Houston, who's starring in the seasonal feel-good film The Preacher's Wife, has had woes of her own this month. After telling the world she was pregnant, she had a miscarriage. The couple have one daughter, Bobbi Kristina.

STOCKING STUFFERS * Another lump of coal for the single girl: Brad Pitt's flacks have made it official: Mr. Hunky-Hunk is off the market. Pitt became engaged to actress Gwyneth Paltrow over the weekend.

And an even bigger lump for Ethan Hawke: Entertainment Weekly gave the actor's first novel the dubious distinction of capping its worst-books-of-the-year roundup. ``A thin, predictable novel about a young actor named William who falls in love with a young woman named Sarah. Safe to say this coltish effort would never have gotten onto a major publisher's racetrack were it not for Hawke's celebrity,'' sniffed the mag. Another worst contender: Jay Leno's Leading With My Chin (``amiable, toothless pastiche'').

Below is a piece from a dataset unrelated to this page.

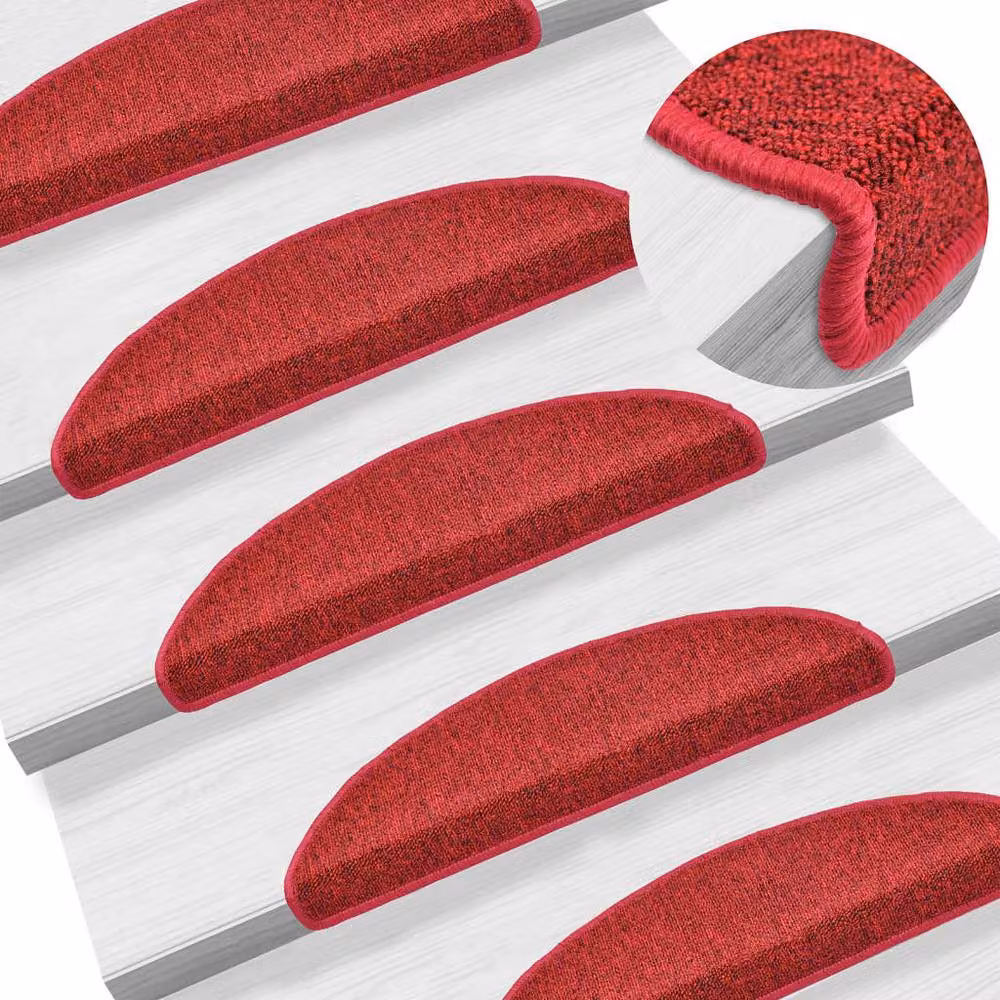 Berkfield Home Self-Adhesive Carpet Stair Treads, 15 Pieces, Bordeaux Red, W: 56 cm, D: 17 cm, H: 3 cm – 2
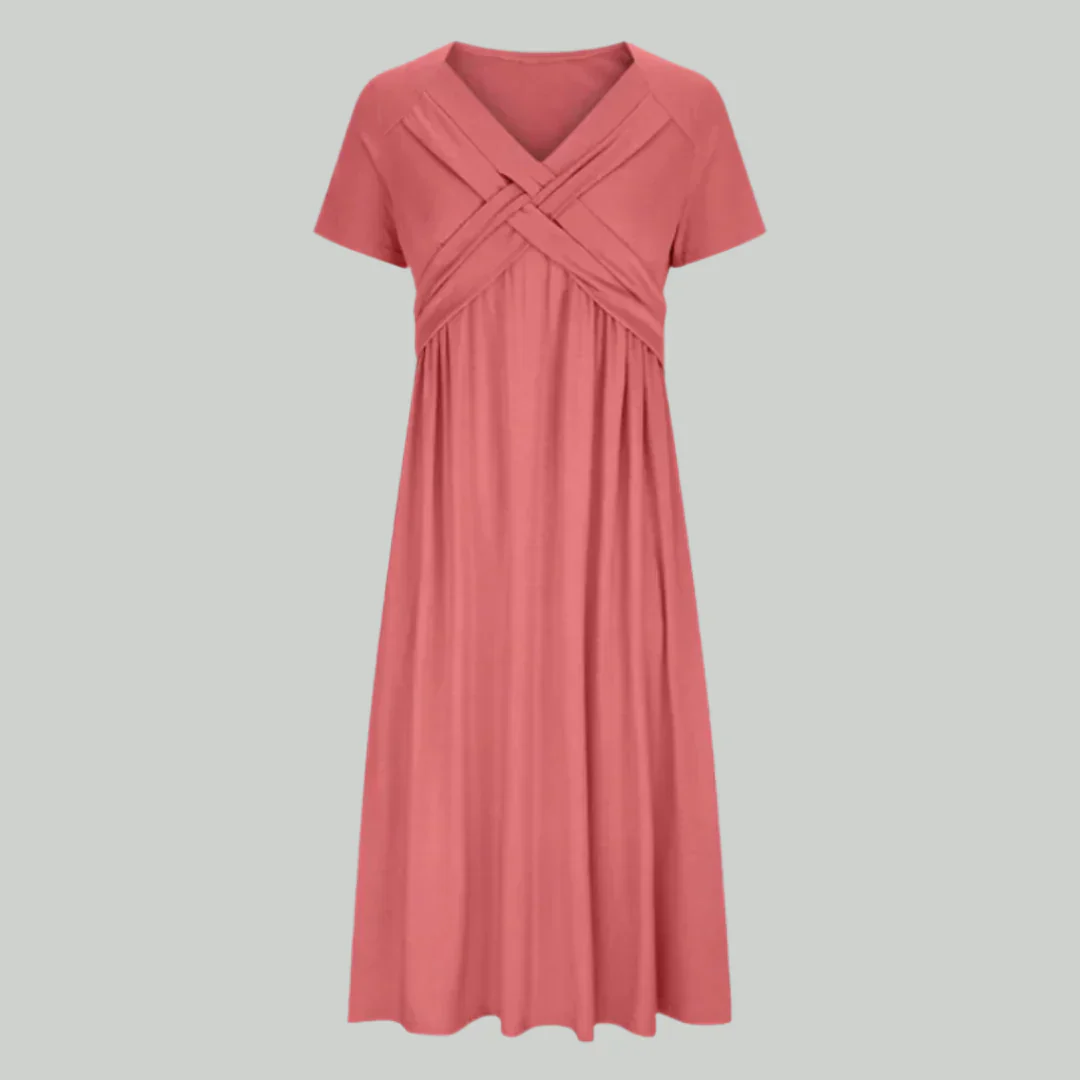 VIOLA - MIDIKLEID MIT ÜBERKREUZTEM AUSSCHNITT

THE WORKING CLASS * Talk about coals to Newcastle: Ivanka Trump, beauteous offspring of The Donald and Ivana Trump, nabbed a spokesperson gig with Sasson Clothes. ``It's, like, out of this world,'' the teen said. Yeah, like, whatever.

Don't hope for much under the Christmas tree, though, if you pal with Sarah Ferguson, the job-seeking Duchess of York. Debt-ridden Fergie's said to be giving chocolates to those on her list. Only the royal daughters will get anything else.